Marimar Sotelo-Padrón
Suspiró al sentarse, o quizás fue sólo el viento, y sin introducción, como si yo estuviese en esa banca de parque esperándola, empezó:
—Sabes, algo en la galopada me perturba, pero insisto en menearme como puta. Aunque, a ellas les pagan bien. A mí, ni un centavo ni café ni gesto amable me van a ofrecer. ¿Una nalgada cuenta? —se frotó el cabello suelto.
—Bueno, eso es definitivamente un gesto —repliqué.
—Lo hago porque me desconecta y me encierra en mí misma. Por nada más. Por explorarme. No soporto a quien habla de sexo como el mayor sacramento. Es un enfangarse, más bien, de: tú me das, yo te doy, te rompen o te rompes, te liberas, te liberan, se vienen, te vienes (a veces), cerró los ojos.
—Ah, extraño ciertas maneras en que me han besado, algunas caricias que me han dado, atenciones y detalles que ya no están. Nadie trata con el mismo tipo de dulzura dos veces, y eso hace de la gente un acontecimiento penoso del que no siempre puedo regresar.
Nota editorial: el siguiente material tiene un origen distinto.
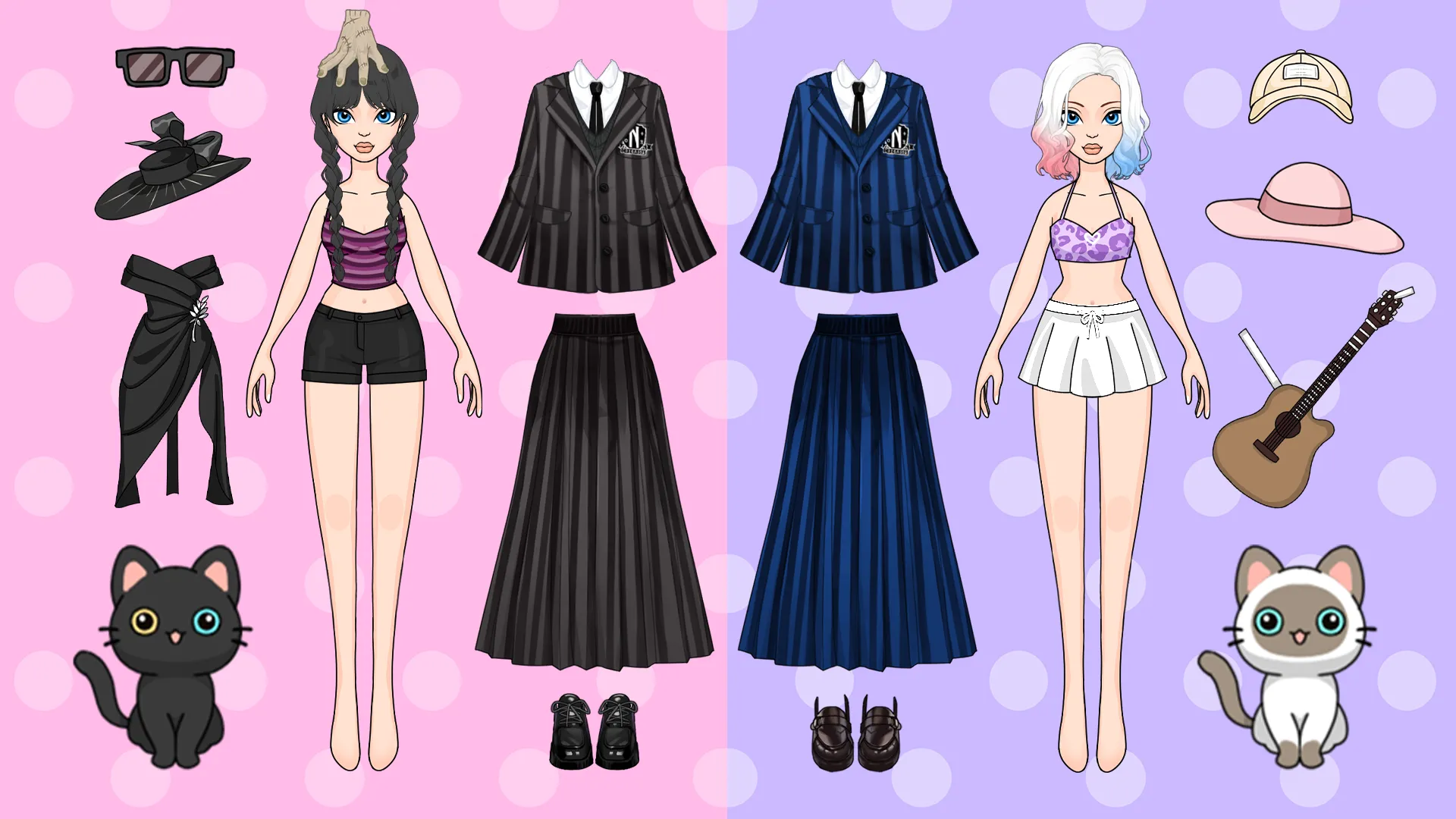 Magic Paper Dolls: Dress Games | Indus Appstore | Screenshot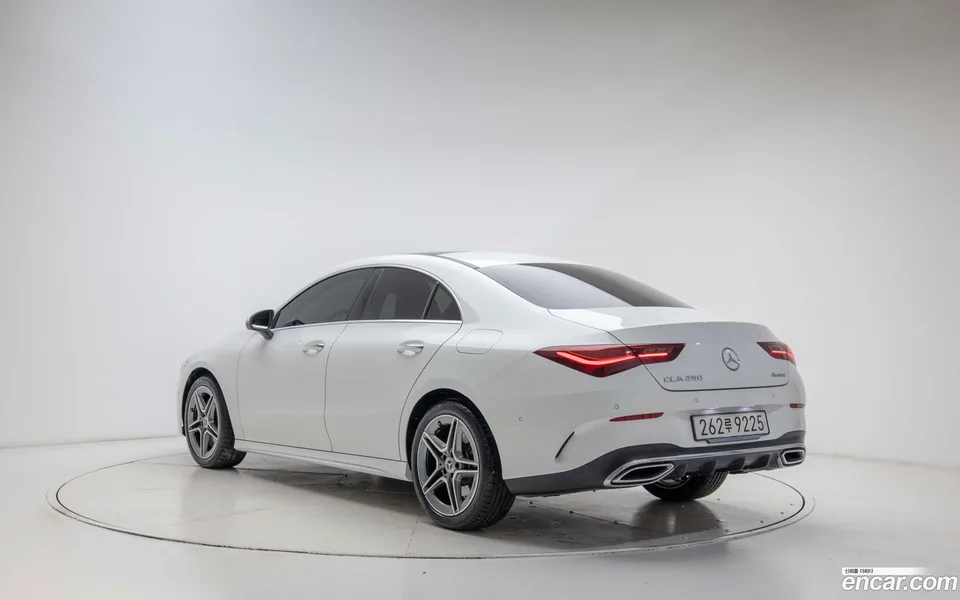 Mercedes-Benz CLA-Class CLA250 4MATIC 2025 — миниатюра 2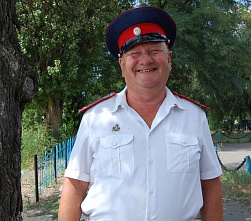 Встреча в «плавучей станице»_24679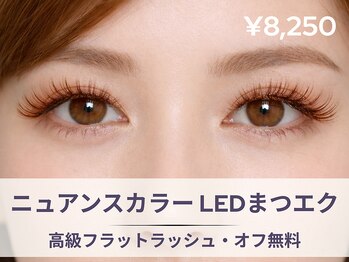 フルーブラン(Frubran)/【高持続】LEDまつ毛エクステ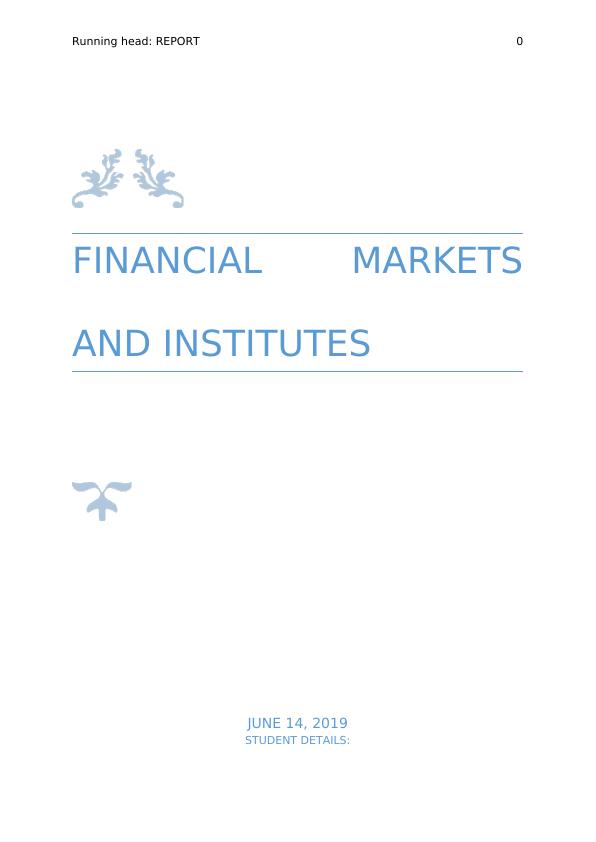 Criticism and Recommendations of Banking Royal Commission on Financial Markets and Institutions_1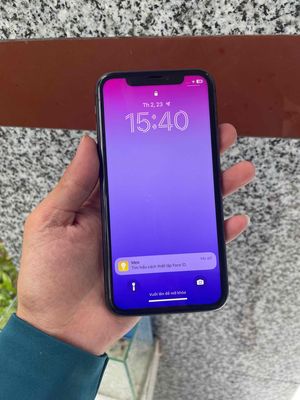 Iphone 11 quốc tế màu đen bản 64GB full chức năng. Mua bán Điện thoại tại Huyện Mỏ Cày Nam Bến Tre được đăng bởi Trần Văn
Es tan triste —frenó sin aviso y yo no dije nada, más por no saber que por estrategia, hasta que reanudó.
—Sin embargo, cuando me abruman porque ocurre lo extraño, que quieran entrar a mí de otras formas, suelto todo y corro, no necesariamente en este orden, para huir —aquí algún picor en su entrepierna le paró la línea mal oculta tras un horroroso bolso verde. Cruzó los pies y se frotó la vagina con la mano.
—¿A dónde huyes? —le pregunté con el tono más periodístico que supe recrear.
—Siempre al mismo sitio. Ser creativo es un lujo que los rotos no nos podemos dar, ¿sabes? Se trata de pretender innovación cuando, muy al fondo, es sólo un cúmulo de hábitos. Tienes un lugar y huyes siempre ahí cuando te descubren.
—Y si no te descubriesen nunca, ¿permanecerías?
—Linda, de esta banca nos vamos las dos. La pregunta es quién se levanta primero —así, tomó su bolso y huyó, o se fue primero. No lo sé.